Watershed management and mountains
Development of Public Participation and Improvement of Socio-Economic Prosperity in Mountain Communities: Yuntdagi Model, Turkey
Project symbol: TCP/TUR/3102; TCP/TUR/3203
More than two-thirds of Turkey’s territory consists of mountain ecosystems, with rugged topography and very deep valleys in some regions. The mountains of Turkey play a central role in collecting and storing the freshwater that connects mountain and lowland communities. Sustainable management of natural resources in mountain regions, using close-to-nature approaches, is therefore key to the improvement of water resources, energy and tourism potentials, and essential for the well-being of the people who live in mountain areas. Moreover, most mountains and uplands are covered by forests and alpine grasslands, which ensure an environment conducive to growth of related sectors such as agriculture, water resources, tourism and wood-based industries.
Photo © Thomas Hofer/ FAO
In the Bolu workshop, held during the International Year of Mountains (IYM) 2002, the need for long-term interventions in sustainable mountain development was identified. The Government of Turkey has implemented these recommendations and has undertaken a number of steps related to international processes and cooperation.

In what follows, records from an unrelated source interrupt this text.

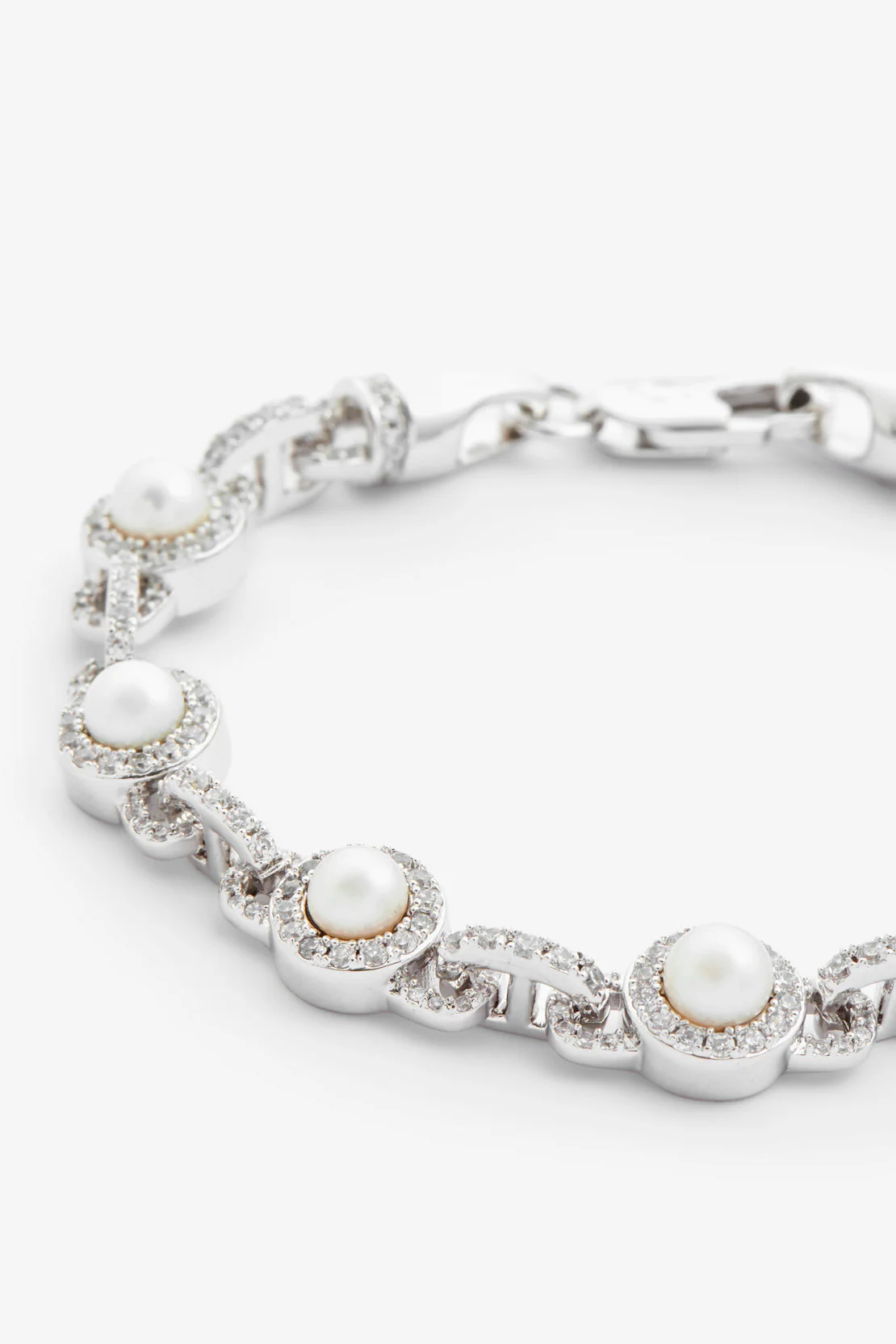 9mm Iced & Freshwater Pearl Bracelet - Image 2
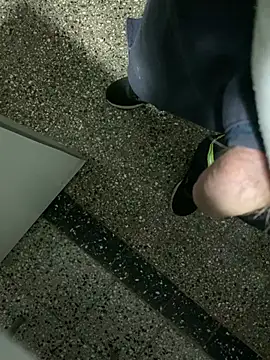 Snapshot of Julian_23312 chatting on 21, 4, 2026 Julian 23312 online show from 21, 4, 2026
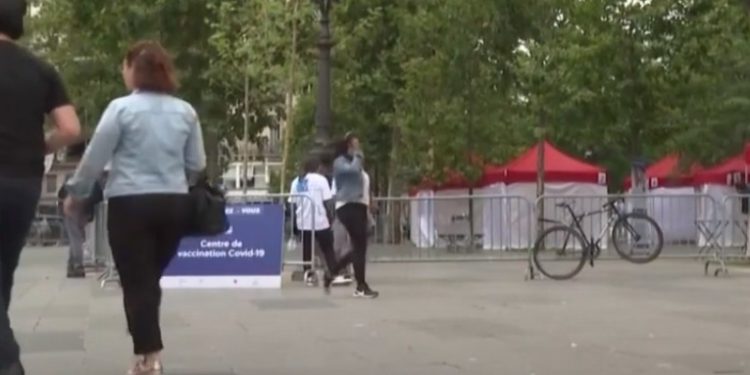 Contagios por COVID aumentan en Europa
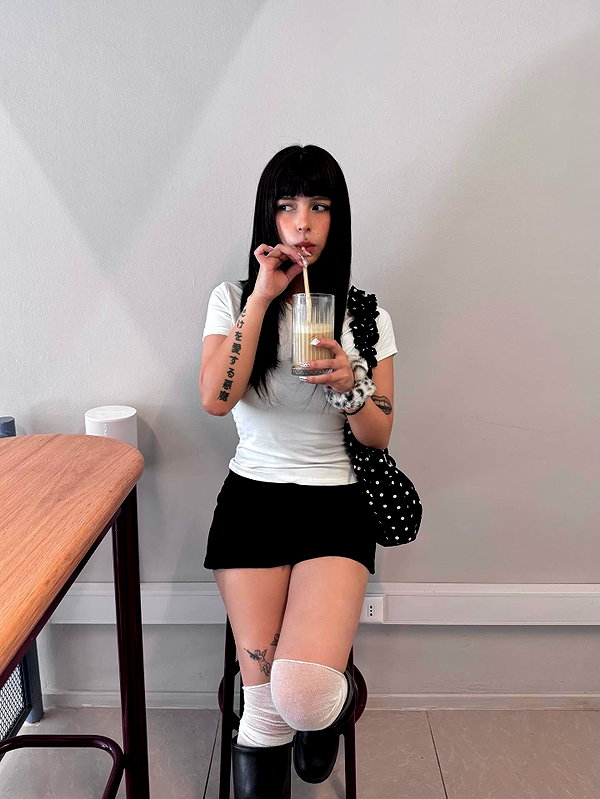 connie.01j instagram image archive image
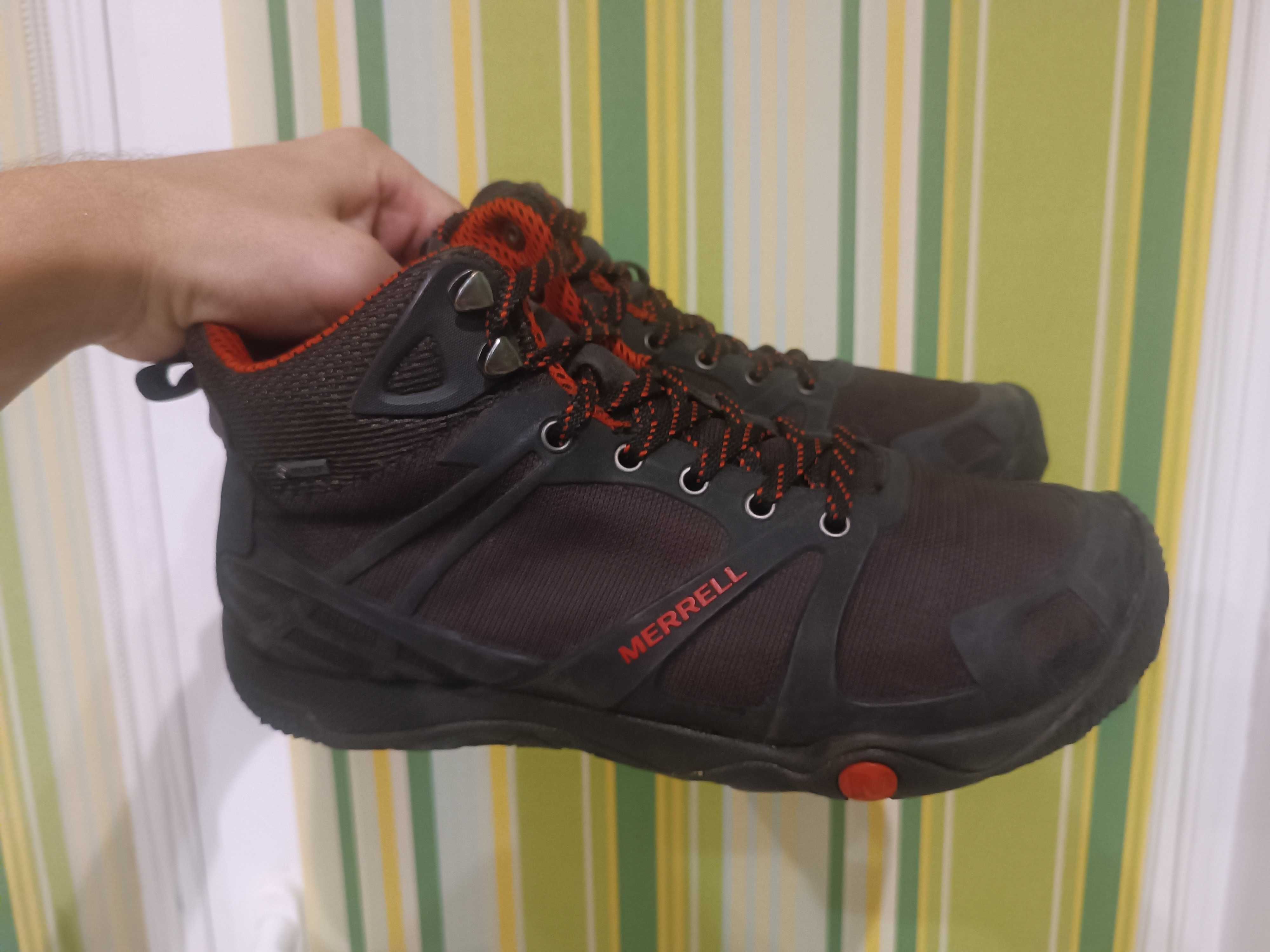 Берцы на лето трекинга полигона Merrell goreTex 44.5 размер 28.5 см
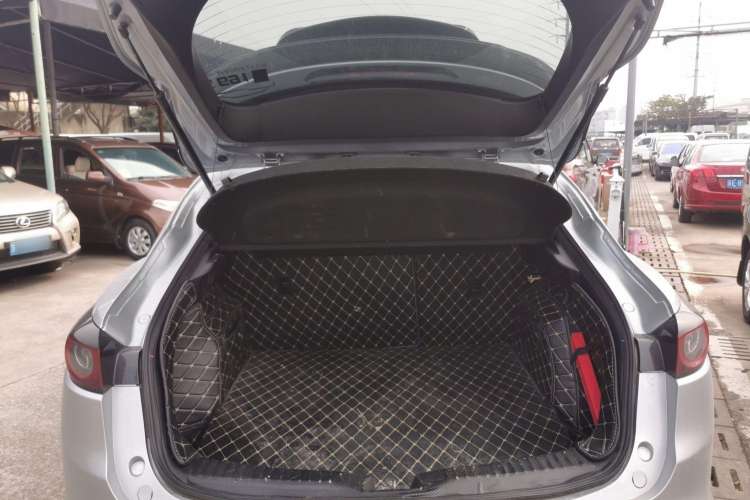 Used Mazda CX-4 2021 2.0L Automatic Two-Wheel Drive Blue Sky Dynamic Edition
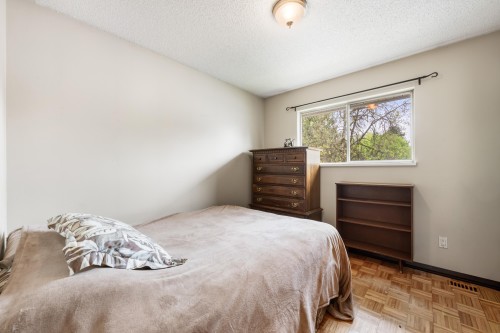 22136 River Bend, Maple Ridge, BC 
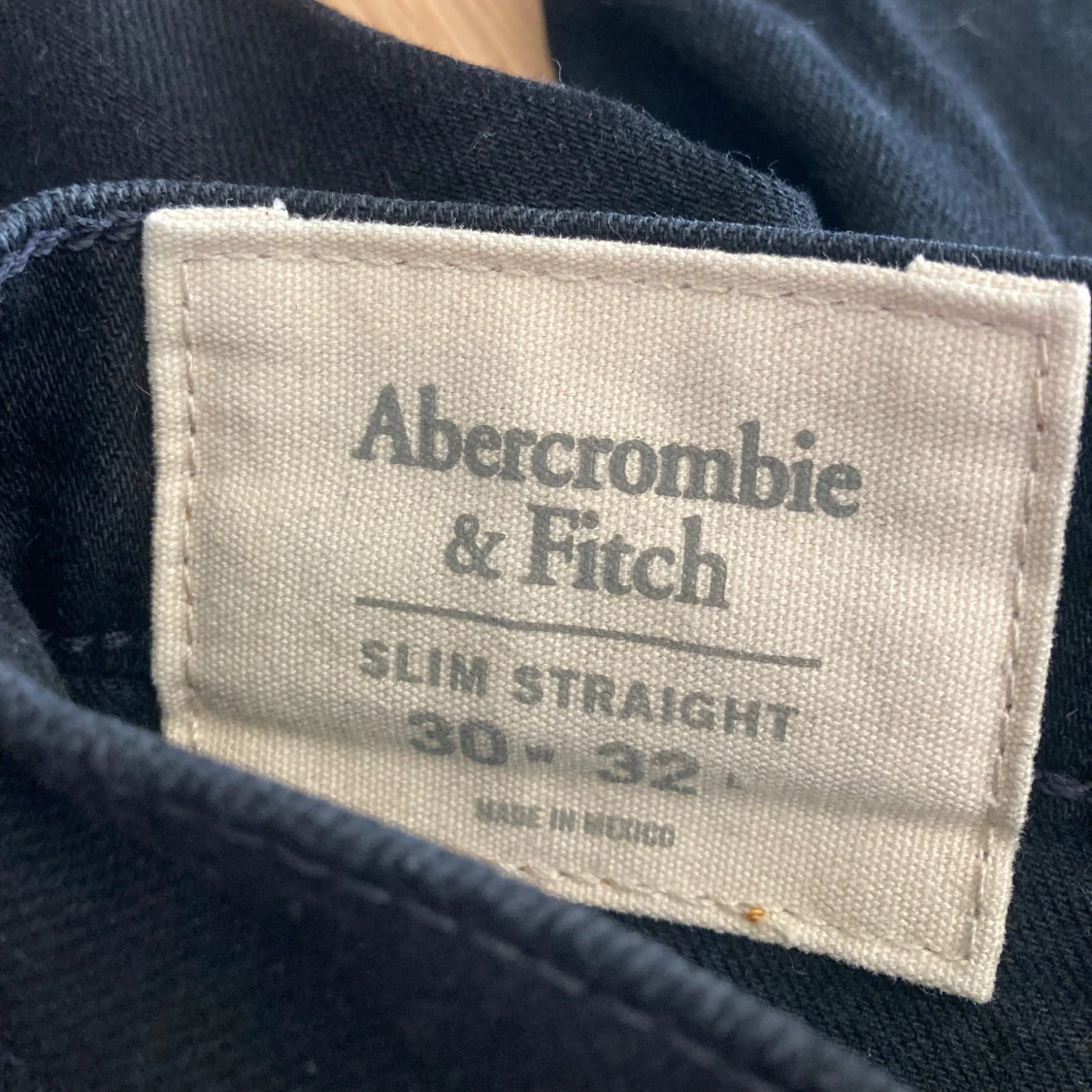 Svarta slim straight jeans från Abercrombie & Fitch - 3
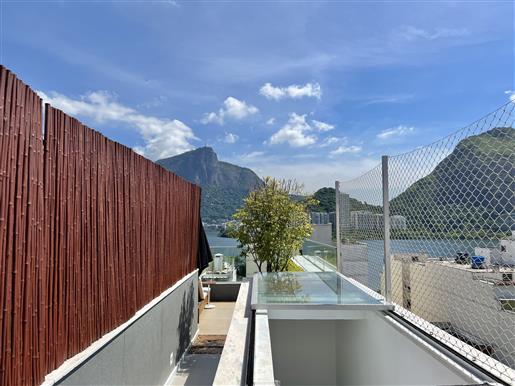 Triplex penthouse with views of Lagoa and the mountains in Ipanema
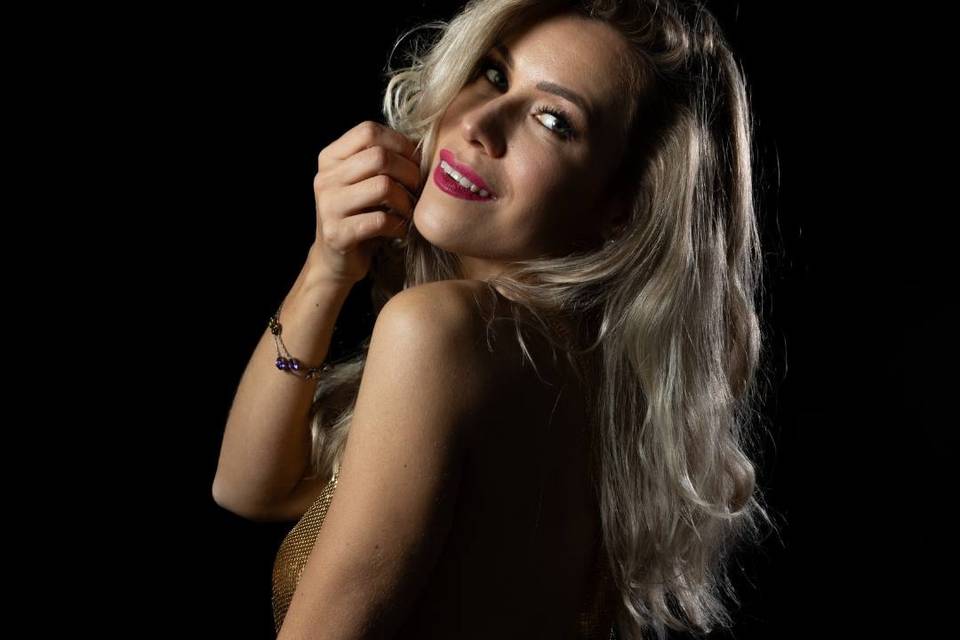 Cantante Marina Caró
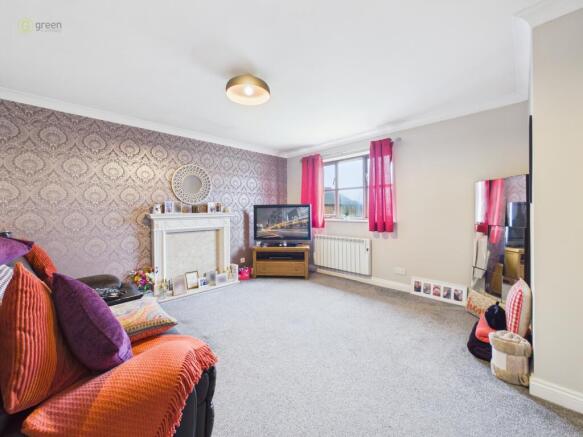 cam01698g0pr0147still006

The Government of Turkey requested FAO’s assistance, through its TCP, in addressing the urgent problems in mountain areas. The development objective of the project was to help the Government of Turkey to implement sustainable development in mountain areas and improve the livelihoods of rural mountain people through the establishment of viable and area-specific income-generating activities. The project, which ran from January 2008 to December 2010, was carried out at two levels with the following immediate objectives:
The field component of the project provided the entry point for capacity and institution building at the national level. Yuntagi mountains, in southeastern Anatolia, were selected as the project pilot site. This area is part of the western mountain ranges of Turkey and covers 852 km2. Ranging from 200 to 1 100 m above sea level, this highland area has a complex, heterogeneous topography with small to medium-sized inter-montane depressions, steep slopes, and small watersheds and sub-watersheds that discharge through three main river systems into the Aegean Sea. These topographic characteristics have created a variety of agro-ecological zones, traditional livelihood practices and cultural diversity. While crop production is located mainly in the inter-montane depressions, most pasture and forest land is found on the slopes. The total population of the 61 settlements is about 23 000 people in about 6 700 households, most of them are forest-dependent communities. Economic conditions are poor, and livelihoods depend mainly on crop production, livestock and forest resources. Women practise carpet weaving as an income-generating activity.
The Yuntdagi mountains are affected by problems that are typical of most Turkish mountain regions and that include: soil degradation and desertification, forest and rangeland degradation, limited agricultural productivity, streams with seasonal flow, no tradition of agroforestry, lack of access to markets, low living standards, and unemployment and emigration. The project area provided excellent conditions for dealing with this complex situation and learning from experience.
The national component of the project was built on progress made at the pilot site. Information sharing and capacity building events were organized, addressing the government and civil society institutions that participated in IYM activities and the subsequent mountain process. Specific national-level project outputs included the establishment of a permanent institutional mechanism for implementation of sustainable mountain development, and the formulation of a draft strategic document on sustainable mountain development.